The New Digital Makerspace: Why Brands are Scaling Content Creation with DAM


Can DAM be a digital makerspace?

DAM is just for storing content, right?

There’s this myth that DAM is just storage, but DAM is no more “just storage” than a physical library is “just storage.” It’s reductionist to view DAM as only for digital content storage.

DAM (digital asset management) is a digital library where information, resources, and digital assets can be discovered, reused, and repurposed for other projects. It also helps facilitate the briefing, ideation, and sometimes, even the creation of digital content. In essence, a DAM library is a digital space that facilitates knowledge-sharing, one where the patrons can be both consumers and creators.
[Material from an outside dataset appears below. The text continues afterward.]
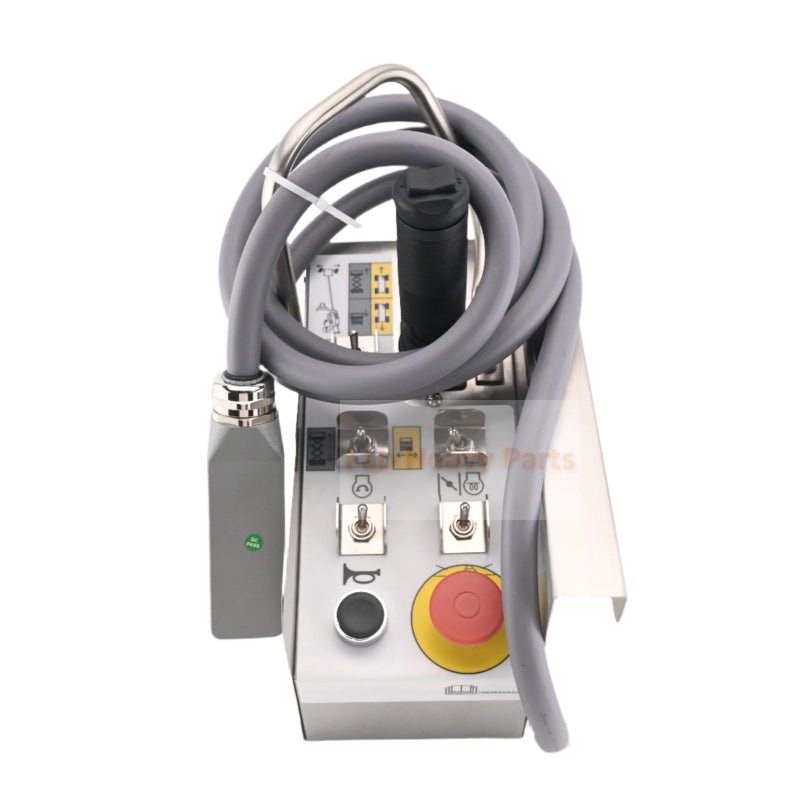 Control Box with Joystick 137798 & 166122 for Skyjack Scissor Lift 6826RT 6832RT - Fab Heavy Parts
All marketers are makers - not just designers and creatives

In the past, to create digital content you needed to be a specialist in some area - video, design, art direction, copy, etc. That’s no longer the case. Anyone can open up their browser and create something from scratch. Will it be good? Maybe. Will it be on-brand? Maybe.

Maybe is a liability for brands when it comes to consistency across digital channels, geographies, and markets. It “may be on-brand” is not something you want to tell your design or creative team. And it's not something you want impacting how your brand is perceived by your customers.

Marketers still need to understand the parameters to operate within. Just as companies use brand guidelines as a north star to speak, create, and publish under a unified face and voice, content creation in the digital space needs to take brand guidelines into account as well - not as black and white, do-or-don’t, hard and fast rules that need to be strictly adhered to, but as bumpers to operate within. A lot can happen between two bumpers, but guidelines help you stay in the right lane. The benefit of “making” in the digital space is that it opens up the opportunity to scale content creation. If anyone can create, then the bottleneck of not being able to create enough content to satisfy the deluge of digital channels, formats, sizes, and variations across markets is gone.

This is where creative automation comes in. Just like the bumpers you put up when you’re bowling (unless you’re The Dude), software that automates brand parameters to operate within makes it simple for marketers to stay on-brand and create content at scale. So much "making" has been happening digitally for some time now, but in 2020 it became necessity, not luxury, and there are many parallels between physical makerspaces and digital collaboration spaces.

What’s a makerspace?

Makerspaces are physical spaces that you can find in libraries across the world, but also in corporations. In “The magic of makerspaces”, Alana Aamodt writes that “A makerspace is a community space where anyone can teach, learn, and practice creative skills,” and that they’re magical because they create a culture that embraces failure, learning, and, most importantly, collaboration.

Makerspaces make the act of creating more inclusive and more beneficial to their communities and patrons. Turns out, makerspaces are not just for libraries. Major tech firms like Google and Microsoft have significantly invested in makerspaces.

Heard of Google Street View? Did you know it came from a makerspace (hackerspace) at Google? Even Microsoft has a makerspace or hackerspace called The Garage.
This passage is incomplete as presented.